D. – Un’ultima domanda presidente Prodi. Il governo italiano è impegnato molto in Paesi del mondo dove ci sono problemi di libertà problemi di conflitti, abbiamo ricordato prima il Medio Oriente, Lei è tornato da poco da un viaggio molto importante in Cina. La domanda è questa: vorrei riflettere con lei proprio sul fronte dei diritti umani, che sono fondamentali proprio per la vita della Chiesa. A che punto siamo sul fronte dei diritti umani a partire dalla Cina e con uno sguardo al resto del mondo?

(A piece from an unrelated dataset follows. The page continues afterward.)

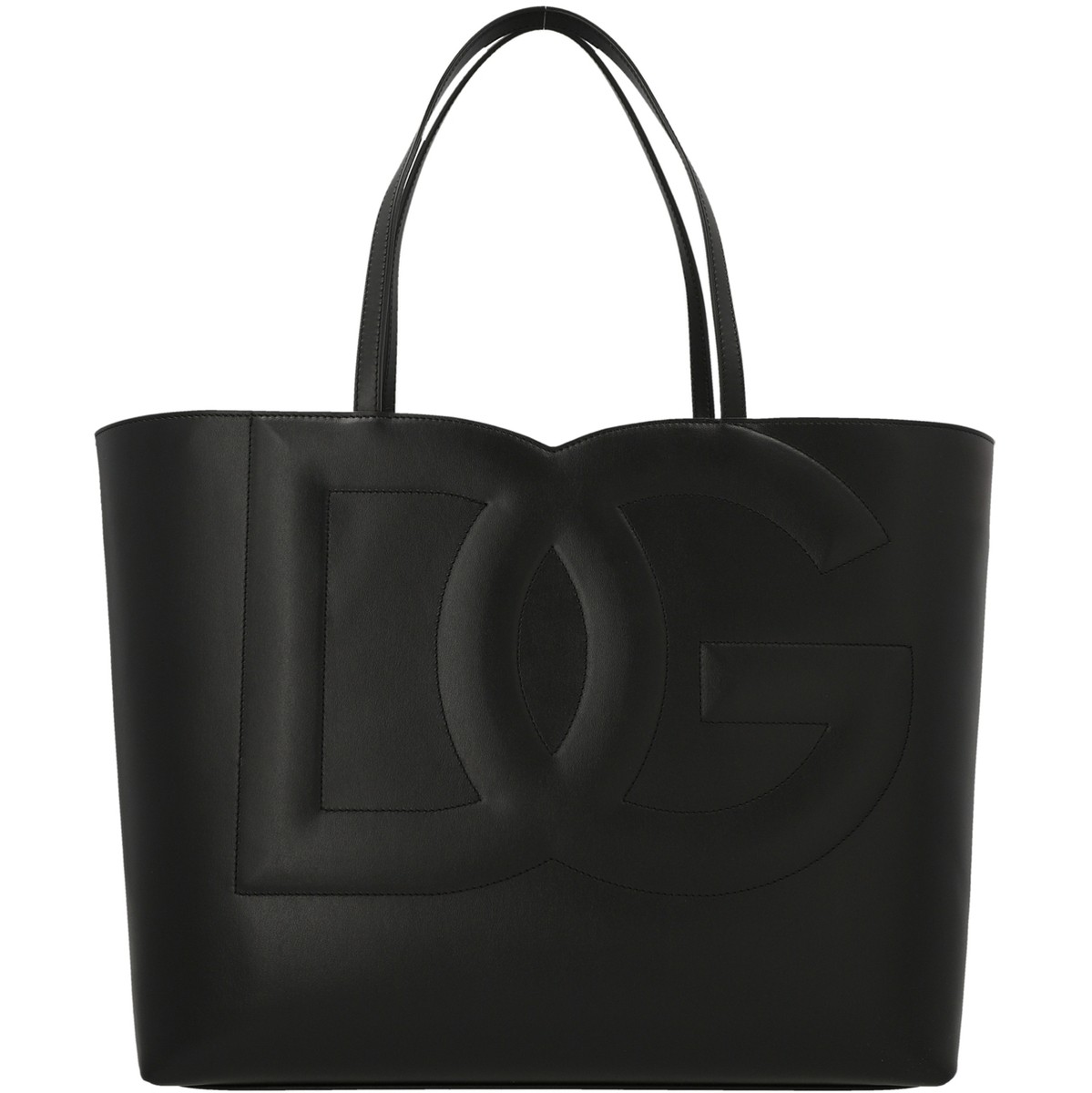 トートバッグ DOLCE&GABBANA ドルチェ&ガッバーナ ブラック Black 'Logo' midi shopping bag トートバッグ レディース 秋冬2023 BB7338AW57680999 【関税・送料無料】【ラッピング無料】 ju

R. – Questo è un punto delicatissimo, perché è chiaro che se lo misuriamo con un ottica nostra – almeno la mia – in cui non ammetto la pena morte, figuriamoci altre violazioni della libertà, quindi non è facile fare questo tipo di discorso che riguarda un Paese come la Cina con le sue dimensioni, con i suoi problemi. Posso solo dire che sono molti anni che vado in Cina, sempre per missioni ufficiali, sempre incontrando i massimi responsabile dello Stato e l’attitudine su questi problemi nel dialogo singolo è radicalmente cambiato, è qualche anno che parlo direttamente, ne discutiamo. Quest’anno abbiamo discusso a fondo di questi problemi, perfino dei problemi della libertà religiosa e delle condizioni, delle implicazioni. Da parte cinese non c’è più la chiusura alla discussione – almeno nella linea ufficiale, poi nel Paese le cose stanno, credo molto diversamente – ma nelle linee ufficiali non c’è assolutamente il rifugio nella reticenza. Questa per me è stata una cosa straordinaria, è chiaro che il discorso che il Primo Ministro mi ha fatto è proprio questo: “anche io capisco questo problema dei diritti, dove deve andare il mondo. Ho un Paese di un miliardo e 300 milioni di persone che hanno fatto progressi, che si sono inseriti nella nuova società e c’è un miliardo di persone che vivono ancora in una condizione drammatica”. Allora questo processo con che regole lo possiamo guidare, allora è come che mi dicesse: ma lei preferisce una Cina che scoppia o una Cina che fatica ma che in qualche modo riesce a conservare una sua via, una sua struttura, un suo cammino? E’ difficile rispondere. Certamente è chiaro che ogni colloquio continua a richiamare questo problema dei diritti umani, ma ascolto sempre il dramma della persona che è di fronte a me che deve prendere decisioni in un contesto così impressionantemente diverso dal nostro. Naturalmente è chiaro che dobbiamo aiutare i progressi, il cambiamento. Voglio dire che quando sento che ormai la discussione all’interno del Paese è aperta riguardo agli aspetti sociali, agli aspetti delle disparità, agli aspetti della difficoltà del sistema sanitario, tutti questi aspetti che fino a poco tempo fa erano assolutamente tabù, debbo aiutare questo progresso. Allora ancora una volta è il dialogo non la predica, che secondo me dà qualche frutto.